The key to understanding the issue was the two codes that continued to show up in my Cipher scans: P2101 and P1233. Both relate to malfunctions with the "electronic throttle control function" and are ones I've never seen before on the HR. But it was the bullet I'd feared: a malfunction from the installation of the 40mm restrictor plates. After checking and rechecking the installation, and multiple "test runs", it was obvious this was not a problem that would be easily solved.
The key to this mystery was checking with Bob Schader, my loyal opposition (and defending T3 National Champ) who also had to run the restrictor plates. The ones on his HR were much thicker- closer to 3/8" and had been fabricated by his chassis and engine builder. It wasn't until Bob recalled what Jesse Prather had told him that the light bulbs went off: the sweep of the butterfly plates had been interfering with the restrictor plates. Seeing this, the fabricator carefully built spacers to fit over the plates and allow the throttle bodies to fully open.
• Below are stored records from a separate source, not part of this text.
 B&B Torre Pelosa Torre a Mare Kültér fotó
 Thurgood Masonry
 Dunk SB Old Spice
BTW- no spare spacers were sent with the engine...
Bob Schader's T3 Championship winning Z
Slapping your forehead in the paddock is never pleasant. We went back to my Z and examined the throttle bodies (intake tube removed) with a screwdriver blade to confirm the hypotheses. Pushing the butterfly inward from the bottom, it only opened halfway before hitting the plate itself. Since all Z33's use a fly-by-wire throttle, the signal to WOT was being interrupted and the ECM would assume a problem had occurred and used limp mode as a safety measure. But with no spares available and no way to access a machine shop to built a proper spacer before the afternoon race, I was left with either withdrawing or trying to limp the car to a finish. I chose the latter.
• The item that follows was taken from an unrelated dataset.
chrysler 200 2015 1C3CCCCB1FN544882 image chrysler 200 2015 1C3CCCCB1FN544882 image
We installed a padded throttle stop under the gas pedal and I'd have to limit how much input I gave to the pedal itself to prevent the butterfly from opening and striking the restrictor plate, but I chose to look at this as a driving challenge: could I drive the Z like a Spec Miata? Despite some hopeful signs, this race was a disaster: starting from the rear and completing the pace lap, I was sloooowly accelerating onto the back straight when limp mode hot at only 4500 RPM! With no one to avoid, I pulled off line and desperately tried to clear the codes with the manual on-off method. It took three full cycles before I got it restarted and was lapped in the process--but worse yet and despite my best efforts to be easy and progressive on the gas--the Z continued to go into limp mode at various points around the circuit.
Eventually, I pulled off onto an escape road and was told by the race stewards (via the ES crew) to retire the car, rather than risk a huge shunt with the car being stuck in the wrong place on this hilly track. It was the first DNF the Z had suffered in several years and meant an end to any Majors title aspirations I had. Schader took the Mid-States T3 title that day, and I was left to ponder what would have happened if I'd found some dyno time or spent the money for a short track test. This was the price for being ill-prepared.
Despite being tired and sweat soaked from a bitterly fought DNF, I had to think about the following Majors race the next day. Should I just give up and pack up? What were my options? Not being able to fabricate the necessary spacer to compete in T3, I decided to just remove it completely and change classes. While I'd be badly outgunned in a full T1 field, at least I'd stay in the same run group and find out if the throttle bodies were damaged in this restrictor plate debacle. The positive news is without the restrictor plates, everything went back to normal and the Z was happily screaming down straights again. Using older tires and finding a significant exhaust leak were not ideal, but I still finished fourth in T1 after one Vette retired with a blown engine. So, a bit of redemption from what I can only describe as a disasterous weekend racing the Z.